Le pouvoir n’existe que de nom, tiraillé entre la rapacité matérielle et l’insouciance maladive de ceux qui le régentent. La logique voudrait que, les Gnassingbés et autres infâmes coquins du “club des mille et un cadavres”, retroussent les manches et travaillent avec ardeur dans l’espoir de redorer leur blason
C’est mal les connaître; ils s’installent dans leurs records, les pires qu’on peut imaginer. La conséquence, très douloureuse pour les togolais, ont des noms dont on peut faire le listage à loisir: insécurité, précarité, informel, misère, mort.

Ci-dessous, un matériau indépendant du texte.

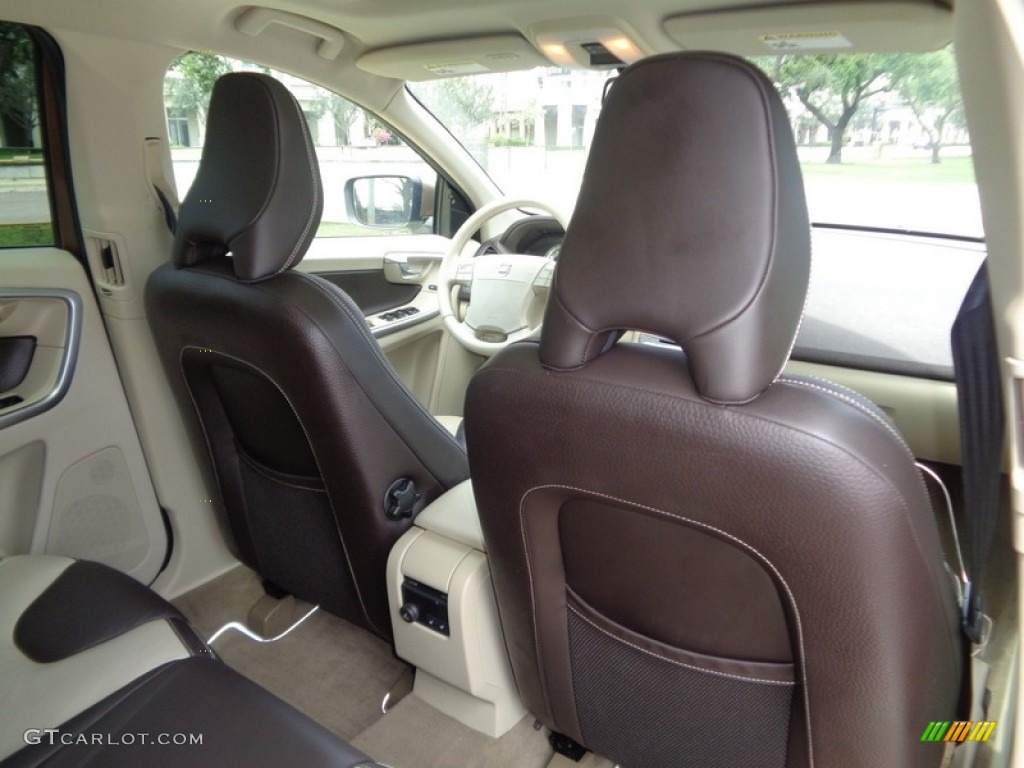 2010 XC60 T6 AWD - Terra Bronze Metallic / Sandstone/Espresso photo #49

Que cela provienne d’une malédiction divine, d’un dénuement chronique ou d’une carence coupable, il n’y a rien de très honorable que les cinq millions d’âmes continuent de subir, à travers les générations, la petite famille Gnassingbé qu’ils traînent comme un boulet aux pieds.

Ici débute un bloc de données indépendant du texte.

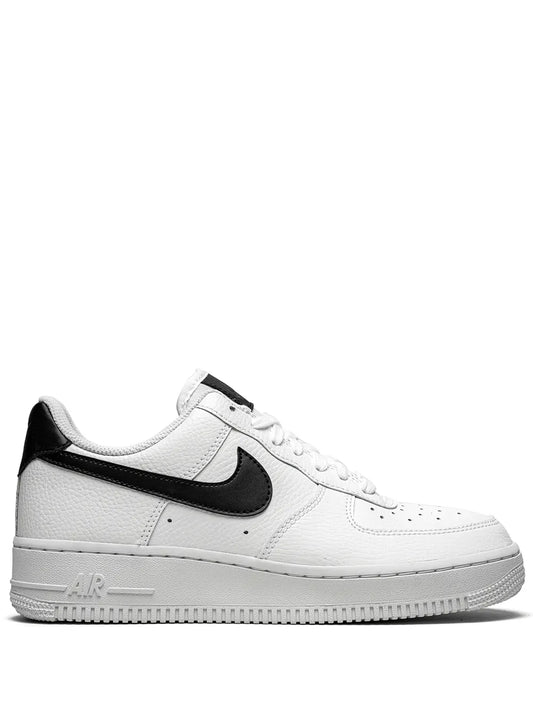 Nikee Airforce 1 Low White Black Swoosh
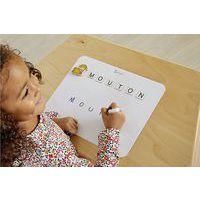 Lot de 5 supports blancs individuels repositionnables magnétiques - Image 4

Pourtant, depuis quelques temps, la nature fait de grands signes aux togolais, les invitant avec insistance à se lever, comme un seul homme, pour briser les verroux et occuper leur espace de liberté et de dignité sur le continent africain: les récentes inondations, la cascade de rupture des ponts et la molesse du pouvoir face à la catastrophe ne sont pas fortuites. Tout.

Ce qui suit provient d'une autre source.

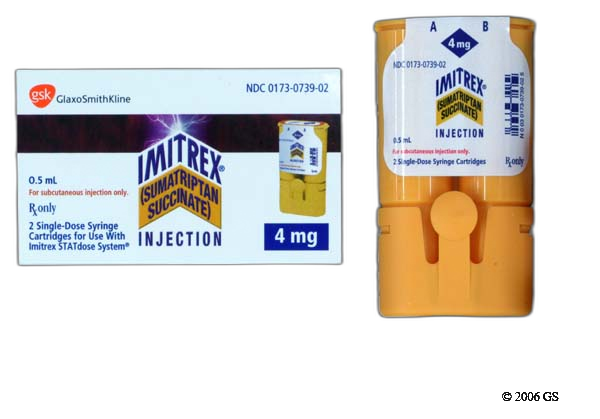 Imitrex 15 mg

Vraiment tout travaille contre ce régime. Il suffit, aux hommes et femmes originaires de ce maudit de bled, de faire, chacun à sa place, leur part dans ce qui s’apparente à un processus naturel d’effondrement du système.
L’imagination du RPT au travail
Les togolais sont coutumiers de la capacité du RPT à torturer la vérité. C’est pourquoi ils n’ont nullement été surpris de la dernière ingéniosité que le parti au pouvoir a déployée dans l’affaire du décès de Atsutsè kokouvi Agbobli.
Pour le corps d’un leader politique trouvé au petit matin à la plage, ces gens n’ont pas jugé utile de prendre leur calme pour trouver quelque chose de décent et cohérent à dire aux togolais.
Le ministre en charge de la protection civile des citoyens a cru normal d’annoncer dans une précipitation suspecte, sur la chaîne de propagande du club que le président du MODENA était mort de noyade. Sans aucune enquête, sans aucune autopsie et sans aucune forme de respect, ni pour la famille du défunt, ni pour le peuple.
Le Ministre a oublié justement ce que ses compatriotes, eux, n’ont pas et ne sont pas près d’oublier: Il y a beaucoup de togolais qui ont disparu et dont les corps ont été retrouvés à la plage, dans les conditions presqu’identiques à celle de Mr Agbobli.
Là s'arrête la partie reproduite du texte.